Moreover, the present invention is not dependent on any signal
generated from the primary side of the power supply. Furthermore,
the present invention is simple to implement and requires a minimal
number of components.
[0012] Other structures and methods are disclosed in the detailed
description below. This summary does not purport to define the
invention. The invention is defined by the claims.
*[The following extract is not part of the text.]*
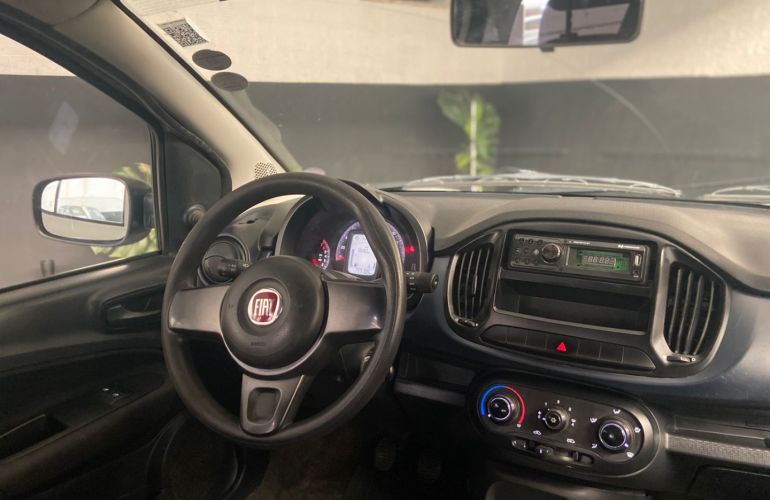 Fiat Uno 1.0 Fire Flex Attractive Manual - Foto #10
These and other
embodiments, features, aspects, and advantages of the invention
will become better understood with regard to the following
description, appended claims and accompanying drawings.
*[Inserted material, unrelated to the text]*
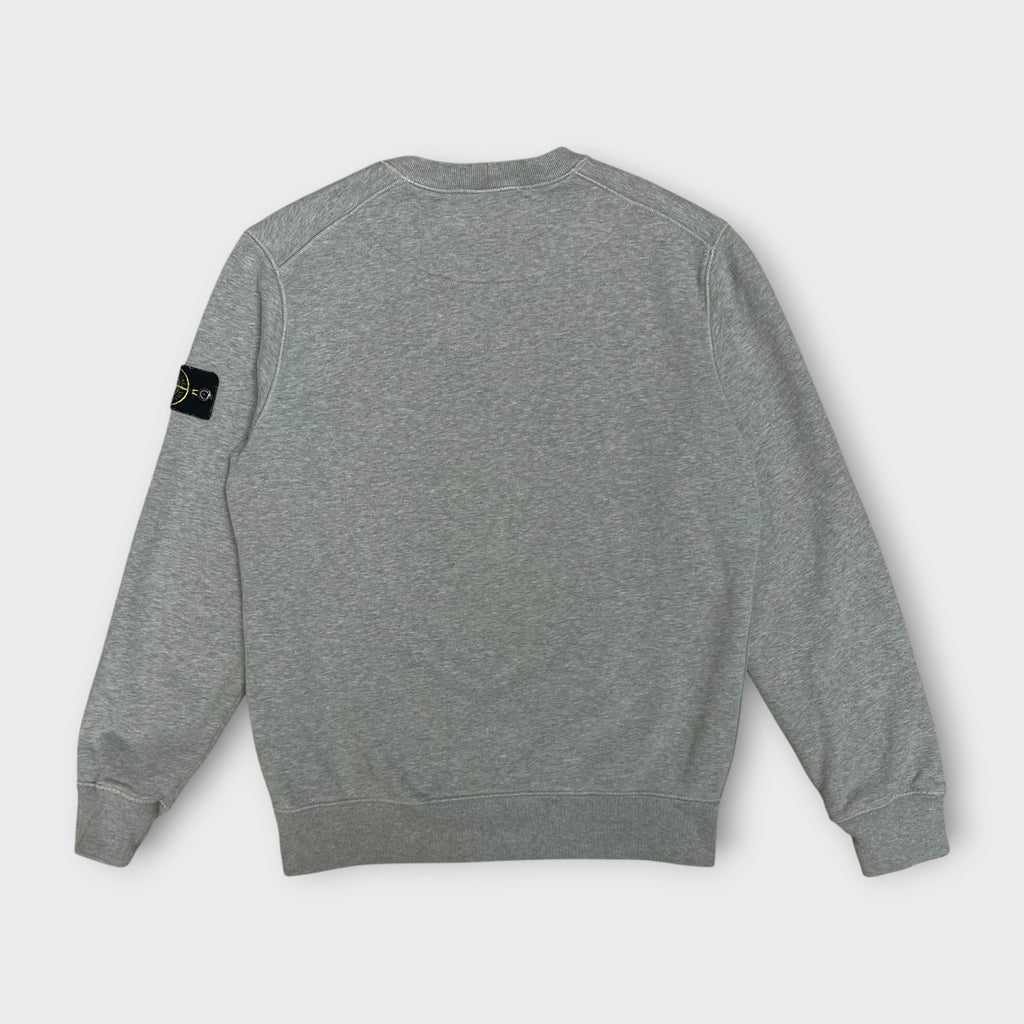 Sweat Stone Island Gris - M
BRIEF DESCRIPTION OF THE DRAWINGS
[0013] FIG. 1 is a schematic diagram illustrating a first
embodiment of an isolated DC-DC power converter with secondary side
synchronous rectification that includes an undershoot eliminator
circuit in accordance with the present invention;
[0014] FIG. 2 is a schematic diagram illustrating an isolated DC-DC
power converter with secondary side synchronous rectification that
includes a second embodiment of an undershoot eliminator circuit in
accordance with the present invention;
[0015] FIG. 3 is a flow chart illustrating the process for
eliminating negative undershoot in a synchronous rectified DC-DC
power converter in accordance with the present invention; and
[0016] FIG. 4A is a graphical diagram of the output voltage of a
synchronous rectified DC-DC converter experiencing negative
undershoot when the converter is turned off, and FIG. 4B is a
graphical diagram of the converter's output voltage during turn off
with the addition of an undershoot eliminator circuit in accordance
with the present invention.
[0017] Reference symbols or names are used in the figures to
indicate certain components, aspects or features therein. Reference
symbols common to more than one figure indicate like components,
aspects or features shown therein.
DETAILED DESCRIPTION OF PREFERRED EMBODIMENTS
[0018] Referring now to FIG. 1, there is shown a schematic diagram
illustrating an isolated DC-DC power converter 100 with secondary
side synchronous rectification that includes a first embodiment of
an undershoot eliminator circuit 150 according to the present
invention. In the exemplary power converter 100 shown in FIG. 1, a
power switch 110 is connected in series with a primary winding 116
of a transformer 114 across an input DC voltage source Vin 112. The
power switch 110 is alternately switched between an on period and
an off period in response to a signal applied to a control gate of
the power switch 110 by a conventional pulse width modulator (PWM,
not shown). The signal provided by the PWM is generated in response
to a feedback signal from a feedback loop (not shown) which is
responsive to an output voltage, Vout 140, of power converter
100.
[0019] On the secondary side of power converter 100, a secondary
winding 118 of the transformer 114 is coupled to a positive voltage
rail at node 134 and a negative voltage rail at node 136. A first
synchronous rectifier 120 is connected between the secondary
winding 118 at node 134 and a node 135. A second synchronous
rectifier 122 is connected between node 135 and the negative side
of the secondary winding 118 at node 136, which corresponds to the
secondary side's ground. The second synchronous rectifier 122 is
connected in parallel to an output capacitor 124. An inductor 126
is connected between node 135 and a positive output terminal 142
(+Vout) of converter 100. Node 136 is connected to a negative
output terminal 144 (-Vout) of connector 100. The output voltage
Vout is generated across output terminals 142, 144. Converter 100
provides power to a load 128 connected between the positive and
negative output terminals 142 and 144.
[0020] The gates of synchronous rectifiers 120 and 122 are driven
by a gate driver circuit 160 in a conventional fashion in order to
provide the on and off times for these synchronous rectifiers 120,
122 to thereby provide the desired operation of the power converter
100 to generate Vout across output terminals 142 and 144.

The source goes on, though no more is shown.